カンボジア東部のモンドルキリ州には、数年前から空港建設計画がある。この州は、ベトナムと国境を接する国土の広い地域だが、カンボジアで最も人口が少ないところだ。州都でさえも人口は約1万3000人で、観光地も滝を除けばほとんどない地域である。
中国電力建設は、モンドルキリ空港開発を8000万ドルで進める契約を2019年に結んだが、22年までに破棄し撤退した。現地は、滑走路のために住民の農地が破壊され、コンクリートの支柱が建っているだけだ、と報じられている。中国の「一帯一路」プロジェクトのなれの果てだ。中国経済が危機を迎えている状況が、こういう面に表れている。
カンボジア政府は、「中国がダメなら」インドへと接近している。カンボジアとインドの企業関係者らは、2月末に両国が加盟する経済団体を発足させた。民間企業による対話と協力を通し、両国間の貿易・投資の拡大を図る狙いとしている。カンボジア各紙が伝えた。新たに発足したのは、「インド・カンボジア共同ビジネス協議会(ICJBC)」だ。
『日本経済新聞』(3月3日付)は、「カンボジア、滞る空港建設 中国マネー枯渇で東部経済特区構想が暗礁」と題する記事を掲載した。
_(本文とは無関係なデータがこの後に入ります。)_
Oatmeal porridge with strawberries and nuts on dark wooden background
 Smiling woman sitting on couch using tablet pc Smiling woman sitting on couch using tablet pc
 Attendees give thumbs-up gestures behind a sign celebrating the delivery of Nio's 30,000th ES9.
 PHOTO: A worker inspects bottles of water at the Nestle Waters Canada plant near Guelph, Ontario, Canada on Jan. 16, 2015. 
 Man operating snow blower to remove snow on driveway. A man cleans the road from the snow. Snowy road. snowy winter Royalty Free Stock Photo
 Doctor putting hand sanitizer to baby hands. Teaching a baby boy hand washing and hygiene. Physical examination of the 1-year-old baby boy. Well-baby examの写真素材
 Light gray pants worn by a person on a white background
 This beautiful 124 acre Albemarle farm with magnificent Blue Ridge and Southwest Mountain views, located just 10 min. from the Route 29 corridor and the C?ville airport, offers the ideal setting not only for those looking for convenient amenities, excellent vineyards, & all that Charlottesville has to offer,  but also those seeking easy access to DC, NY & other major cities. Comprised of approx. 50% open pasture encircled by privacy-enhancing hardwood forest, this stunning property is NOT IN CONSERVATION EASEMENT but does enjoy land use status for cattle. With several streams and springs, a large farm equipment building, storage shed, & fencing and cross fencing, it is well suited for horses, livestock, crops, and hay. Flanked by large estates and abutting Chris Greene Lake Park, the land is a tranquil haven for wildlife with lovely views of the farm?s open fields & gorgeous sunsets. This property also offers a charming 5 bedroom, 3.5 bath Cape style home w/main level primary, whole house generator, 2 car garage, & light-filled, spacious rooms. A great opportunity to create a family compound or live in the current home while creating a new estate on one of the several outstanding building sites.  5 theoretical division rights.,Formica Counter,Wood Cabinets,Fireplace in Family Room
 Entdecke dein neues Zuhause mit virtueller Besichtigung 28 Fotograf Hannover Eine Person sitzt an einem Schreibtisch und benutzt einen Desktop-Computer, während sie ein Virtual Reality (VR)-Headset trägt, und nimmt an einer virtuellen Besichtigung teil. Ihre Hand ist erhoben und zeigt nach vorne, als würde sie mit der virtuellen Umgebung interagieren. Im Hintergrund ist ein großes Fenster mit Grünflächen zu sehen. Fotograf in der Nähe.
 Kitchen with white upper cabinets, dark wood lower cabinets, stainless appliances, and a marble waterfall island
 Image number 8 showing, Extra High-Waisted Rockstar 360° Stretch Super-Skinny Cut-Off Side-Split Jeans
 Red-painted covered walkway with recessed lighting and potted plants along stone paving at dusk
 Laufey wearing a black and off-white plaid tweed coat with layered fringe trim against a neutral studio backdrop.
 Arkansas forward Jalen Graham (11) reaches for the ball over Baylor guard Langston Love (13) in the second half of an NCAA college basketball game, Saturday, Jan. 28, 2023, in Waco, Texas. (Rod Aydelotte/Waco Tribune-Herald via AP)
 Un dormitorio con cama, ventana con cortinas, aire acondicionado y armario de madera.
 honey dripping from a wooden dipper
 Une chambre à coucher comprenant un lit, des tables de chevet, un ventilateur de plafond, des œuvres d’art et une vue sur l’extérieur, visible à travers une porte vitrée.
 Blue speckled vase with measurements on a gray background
カンボジア東部のモンドルキリ州では、数年前から始まった空港建設計画が頓挫している。ここは中国の投資家が近年撤退したことで、カンボジアに複数みられる開発が中断された空港の一つだ。これらプロジェクトは、すでに進行している。地域住民は、建設のために土地を追い出されたと主張している。
(1)「カンボジアのシンクタンク、フューチャー・フォーラムの創設者ウー・ビラク氏はモンドルキリ州の空港プロジェクトについて「経済的な根拠があるとは思えない」と語る。そのうえで「観光客が飛行機で突然来るという需要はないだろう」との見方を示す。そもそも新空港の立地として、へき地の同州は適切でなかったとみている。中国の広域経済圏構想「一帯一路」に関する投資が減速するなか、カンボジアのフン・マネット首相は2月、同国の他の主要インフラプロジェクトへの投資を中国企業に呼びかけた」
モンドルキリ州の空港プロジェクトは、観光地としての条件がないところへ空港建設するという突飛なものだ。この種の話は、中国が一帯一路プロジェクトと使う手と共通している。スリランカが、過剰債務で財政破綻した理由は、中国から強いられた無駄な空港と港湾の建設によるものだ。カンボジアは、中国資本が撤退したことで新たな財政負担を負わず、「幸運」であったと言うべきかも知れない。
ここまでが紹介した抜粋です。